Given the proposition 6.1 on page 8 of the paper I would rewrite this as follows:

def kernel(X, Z, kappa, eta1, eta2, c, jitter=1.0e-4):
    eta1sq = jnp.square(eta1)
    eta2sq = jnp.square(eta2)
    k1 = 0.5 * eta2sq * jnp.square(1.0 + dot(kappa * X, kappa * Z))
    k2 = -0.5 * eta2sq * dot(kappa * jnp.square(X), kappa * jnp.square(Z))
    k3 = (eta1sq - eta2sq) * dot(kappa * X, kappa * Z)
    k4 = jnp.square(c) - 0.5 * eta2sq
    if X.shape == Z.shape:
        k4 += jitter * jnp.eye(X.shape[0])
    return k1 + k2 + k3 + k4
2

The original stan implementation linked to the paper is also slightly different

matrix[N, N] K1 = diag_post_multiply(X, kappa) * X’;
matrix[N, N] K2 = diag_post_multiply(X2, kappa) * X2’;
matrix[N, N] K = .5 * square(eta_2) * square(K1 + 1.0) + (square(alpha) - .5 * square(eta_2)) * K2 + (square(eta_1) - square(eta_2)) * K1 + square(c) - .5 * square(eta_2);

I am not familiar with Stan’s code notation, but in python my guess would be something like this (with alpha=0)

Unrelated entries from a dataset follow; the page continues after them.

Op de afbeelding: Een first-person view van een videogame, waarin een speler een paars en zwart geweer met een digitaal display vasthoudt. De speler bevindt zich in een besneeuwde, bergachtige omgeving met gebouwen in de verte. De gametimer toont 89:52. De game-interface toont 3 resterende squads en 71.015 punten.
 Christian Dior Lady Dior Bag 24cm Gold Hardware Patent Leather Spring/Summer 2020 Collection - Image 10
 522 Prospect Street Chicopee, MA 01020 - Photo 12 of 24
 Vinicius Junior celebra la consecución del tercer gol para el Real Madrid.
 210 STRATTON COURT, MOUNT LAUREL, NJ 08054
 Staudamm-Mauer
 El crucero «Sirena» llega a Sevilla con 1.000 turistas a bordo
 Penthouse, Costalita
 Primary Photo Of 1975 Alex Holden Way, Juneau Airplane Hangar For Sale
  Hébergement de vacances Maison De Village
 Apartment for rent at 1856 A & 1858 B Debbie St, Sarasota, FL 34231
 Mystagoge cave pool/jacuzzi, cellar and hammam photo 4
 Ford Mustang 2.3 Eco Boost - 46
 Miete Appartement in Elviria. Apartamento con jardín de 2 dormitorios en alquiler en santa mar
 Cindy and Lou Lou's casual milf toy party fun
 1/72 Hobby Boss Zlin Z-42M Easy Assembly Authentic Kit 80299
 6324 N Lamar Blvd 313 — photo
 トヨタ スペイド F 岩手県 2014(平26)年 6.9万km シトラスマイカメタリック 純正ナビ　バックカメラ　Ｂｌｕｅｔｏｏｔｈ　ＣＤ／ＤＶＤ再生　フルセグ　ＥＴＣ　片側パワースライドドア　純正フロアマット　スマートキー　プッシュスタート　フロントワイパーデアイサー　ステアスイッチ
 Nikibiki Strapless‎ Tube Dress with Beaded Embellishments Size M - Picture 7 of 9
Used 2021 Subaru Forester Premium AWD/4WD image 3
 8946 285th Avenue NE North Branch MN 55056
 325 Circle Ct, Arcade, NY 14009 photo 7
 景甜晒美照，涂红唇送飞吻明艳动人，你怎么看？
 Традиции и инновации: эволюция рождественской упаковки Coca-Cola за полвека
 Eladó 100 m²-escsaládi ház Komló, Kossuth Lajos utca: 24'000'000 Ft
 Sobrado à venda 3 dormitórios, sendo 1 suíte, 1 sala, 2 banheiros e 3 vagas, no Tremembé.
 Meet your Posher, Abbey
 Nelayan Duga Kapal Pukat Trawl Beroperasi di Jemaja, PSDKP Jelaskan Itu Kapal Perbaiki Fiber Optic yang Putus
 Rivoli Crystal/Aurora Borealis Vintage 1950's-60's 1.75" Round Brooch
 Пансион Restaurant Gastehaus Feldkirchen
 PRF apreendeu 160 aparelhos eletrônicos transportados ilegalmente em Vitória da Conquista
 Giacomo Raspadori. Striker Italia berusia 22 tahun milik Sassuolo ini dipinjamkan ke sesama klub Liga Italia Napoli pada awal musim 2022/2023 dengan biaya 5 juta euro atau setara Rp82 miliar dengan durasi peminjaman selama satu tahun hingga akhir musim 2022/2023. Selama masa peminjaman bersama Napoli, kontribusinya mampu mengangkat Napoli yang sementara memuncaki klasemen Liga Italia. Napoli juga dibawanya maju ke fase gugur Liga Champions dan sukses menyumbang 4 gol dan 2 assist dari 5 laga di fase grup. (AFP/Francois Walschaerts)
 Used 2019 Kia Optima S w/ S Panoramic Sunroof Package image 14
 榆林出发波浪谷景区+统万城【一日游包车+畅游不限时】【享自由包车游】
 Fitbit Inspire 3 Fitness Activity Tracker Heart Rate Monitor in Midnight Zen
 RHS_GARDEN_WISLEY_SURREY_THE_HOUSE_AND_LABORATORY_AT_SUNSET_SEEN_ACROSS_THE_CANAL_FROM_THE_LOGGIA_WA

def kernel(X, Z, kappa, eta1, eta2, c, jitter=1.0e-4):
    eta1sq = jnp.square(eta1)
    eta2sq = jnp.square(eta2)
    K1 = dot(kappa * X, Z)
    K2 = dot(kappa * jnp.square(X),  jnp.square(Z))
    K4 = jnp.square(c) - 0.5 * eta2sq
    if X.shape == Z.shape:
        k4 += jitter * jnp.eye(X.shape[0])
    return .5 * eta2sq * jnp.square(1 + K1) - .5 * eta2sq * K2 + (eta1sq - eta2sq) * K1 + K4

Which is again different from my interpretation of propostion 6.1, but also different from Pyro/Numpyro example.

3

@pyroman It is a typo in the paper (see appendices C1, C2)

4

@fehiepsi If you are certain that C1 and C2 present the correct form of equations, than I will accept that :slight_smile: Then I am only confused why is the Stan implementation different, as this is what they used in the paper.

5

I think it is a bug in the implementation. Or the authors are using a different formula. I’m not sure. It is better to reach out to the authors for more information. :slight_smile:

cc @martinjankowiak

6

I wrote an email to the first author. Hopefully he will see it and comment here.

7

@pyroman as a general rule of thumb you should consider arxiv papers as pre-prints. often authors do not update the arxiv paper to reflect the final published version.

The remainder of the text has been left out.